Bulan Ramadhan, bulan sedekah. Mungkin itu menjadi penyebab mengapa di bulan ini jumlah pengemis bertambah. Setidaknya itulah yang saya temukan dalam perjalanan saya dari rumah menuju kantor.
Di sebuah pertigaan menuju Margonda, jika sebelumnya saya tidak melihat adanya pengemis, belakangan saya melihat kehadiran pengemis yang menghampiri pintu-pintu mobil yang sedang berhenti di kala lampu merah menyala. Melewati Universitas Pancasila di mana sering terjadi kemacetan, saya melihat beberapa pengemis berdiri di trotoar jalan.
Dengan wajah lusuh, pakaian yang sudah tidak bersih lagi, mereka mengulurkan tangan kepada setiap orang yang lewat, kepada sopir dan penumpang mobil yang sedang berhenti. Ucapan memohon belas kasihan dan meminta sedekah keluar dari mulut-mulut mereka.
Kita memandang mereka sebagai golongan yang dipinggrikan dan tidak dianggap. Padahal, kita pun mungkin termasuk ke dalam golongan mereka. Hanya saja kita berbeda. Mereka berpakaian lusuh dengan warna yang hampir pudar, kita adalah pengemis berpakaian rapi, bersih, dan adakalanya berdasi. Mereka tak beralas atau hanya bersendal jepit, kita memakai sendal mahal atau bersepatu mengkilat dengan merk-merk ternama. Mereka berjalan selangkah demi selangkah mencari sedekah, kita melaju kencang di atas sepeda motor atau mobil. Mereka meminta sedikit uang, makanan, atau minuman, sedangkan kita meminta apa saja yang kita mau, rezeki, jodoh, pekerjaan, prestasi, keselamatan, dan sebagainya. Mereka meminta tanpa memaksa, sedangkan kita sering memaksa agar apa yang kita minta harus menjadi kenyataan.
Para pengemis yang kita lihat, mereka meminta sesuatu yang mereka butuhkan kepada orang lain. Dari sisi itu mungkin menyebabkan kita memandang mereka dengan hina. Padahal, kita mungkin lebih sering meminta kepada Yang Maha Kaya. Semua yang kita inginkan terangkum dalam doa yang kita panjatkan. Memohon agar senantiasa kebaikan selalu datang menghampiri. Memohon agar keburukan dan kejelekan pergi menjauhi.
Namun, ada hal yang mungkin kita lupa meniru para pengemis itu. Tatkala tangan mereka diisi dengan kepingan atau lembaran recehan, segenggam beras, sebotol minuman, atau lainnya, keluar dari mulut mereka ucapan terimakasih, hamdalah, dan serangkaian doa kepada si pemberi.

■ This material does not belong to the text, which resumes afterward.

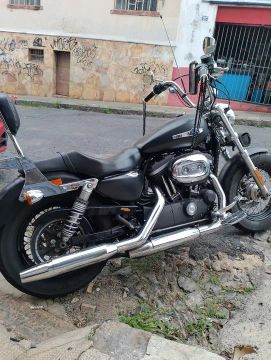 Harley Davidson XL 1200 - Perfeito estado.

Bagaimana dengan kita? Ketika apa yang kita minta dalam doa hadir di hadapan, ketika yang kita cita-citakan berhasil diraih, adakah pujian kepada Sang Pemberi? Adakah rasa syukur mengiringi? Adakah harapan bahwa kelak segala ni’mat yang diberi akan ditambah lagi? Wallaahu a’lam.